Già dai primi minuti di quella tragica giornata, i sismografi misero in evidenza la grande intensità delle scosse senza però consentire agli specialisti di individuare con certezza la specifica localizzazione. Si potevano solo immaginare i danni provocati da un sisma di quella intensità. Gli addetti all’osservatorio Ximeniano di Firenze difatti annotarono: “Stamani alle 5:21 negli strumenti dell’Osservatorio è incominciata una impressionante, straordinaria registrazione: “Le ampiezze dei tracciati sono state così grandi che non sono entrate nei cilindri che misurano oltre 40 centimetri. Da qualche parte sta succedendo qualcosa di grave“.

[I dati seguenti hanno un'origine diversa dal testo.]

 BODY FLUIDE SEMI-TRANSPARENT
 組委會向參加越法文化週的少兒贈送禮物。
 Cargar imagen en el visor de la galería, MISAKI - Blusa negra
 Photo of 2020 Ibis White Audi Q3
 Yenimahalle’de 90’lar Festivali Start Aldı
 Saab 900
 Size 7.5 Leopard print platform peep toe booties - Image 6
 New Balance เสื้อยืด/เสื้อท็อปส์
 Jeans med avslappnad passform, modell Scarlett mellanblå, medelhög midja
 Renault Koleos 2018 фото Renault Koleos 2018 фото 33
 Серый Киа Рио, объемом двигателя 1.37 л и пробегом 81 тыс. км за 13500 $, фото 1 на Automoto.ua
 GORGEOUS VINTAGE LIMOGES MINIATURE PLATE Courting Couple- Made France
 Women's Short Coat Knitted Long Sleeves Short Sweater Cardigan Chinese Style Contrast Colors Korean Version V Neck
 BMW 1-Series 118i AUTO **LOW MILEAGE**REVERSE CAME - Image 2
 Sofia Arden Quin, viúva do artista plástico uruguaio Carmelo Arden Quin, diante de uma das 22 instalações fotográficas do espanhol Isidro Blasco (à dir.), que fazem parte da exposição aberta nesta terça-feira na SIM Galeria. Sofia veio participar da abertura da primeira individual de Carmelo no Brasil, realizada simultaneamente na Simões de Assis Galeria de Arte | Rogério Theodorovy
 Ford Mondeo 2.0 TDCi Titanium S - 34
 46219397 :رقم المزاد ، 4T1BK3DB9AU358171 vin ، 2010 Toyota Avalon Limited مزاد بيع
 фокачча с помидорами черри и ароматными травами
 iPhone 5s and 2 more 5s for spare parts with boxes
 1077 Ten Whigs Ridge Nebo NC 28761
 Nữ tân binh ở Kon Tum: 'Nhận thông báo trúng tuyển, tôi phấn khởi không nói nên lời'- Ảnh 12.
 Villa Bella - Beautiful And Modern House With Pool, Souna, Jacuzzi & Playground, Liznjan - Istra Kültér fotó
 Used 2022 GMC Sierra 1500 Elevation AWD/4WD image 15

Sul posto, le persone vennero colte dal sisma praticamente nel sonno. il disastroso evento interruppe tutte le vie di comunicazione (strade, ferrovie per Palermo e Siracusa, tranvie per Giampilieri e Barcellona, telegrafo, telefono), danneggiò i cavi elettrici e le tubazioni del gas fino a Villa San Giovanni e a Palmi e devastò particolarmente Messina, causando il crollo del 90% degli edifici. La città dello Stretto che, all’epoca, contava circa 140.000 abitanti, ne perse circa 80.000 e Reggio Calabria registrò circa 15.000 morti su una popolazione di 45.000 abitanti. Altissimo fu il numero dei feriti e catastrofici furono i danni materiali. Le scosse di assestamento si ripeterono con frequenza nelle giornate successive e fin quasi alla fine del mese di marzo del 1909. Diciassettemila persone furono ritrovate vive sotto le macerie di cui 13.000 circa salvate dai militari italiani, 1.300 dai russi, 1.100 dagli inglesi e 900 dai tedeschi che – in una incredibile gara di solidarietà internazionale nel clima disteso della Belle Époque – accorsero a dare man forte ai soccorsi.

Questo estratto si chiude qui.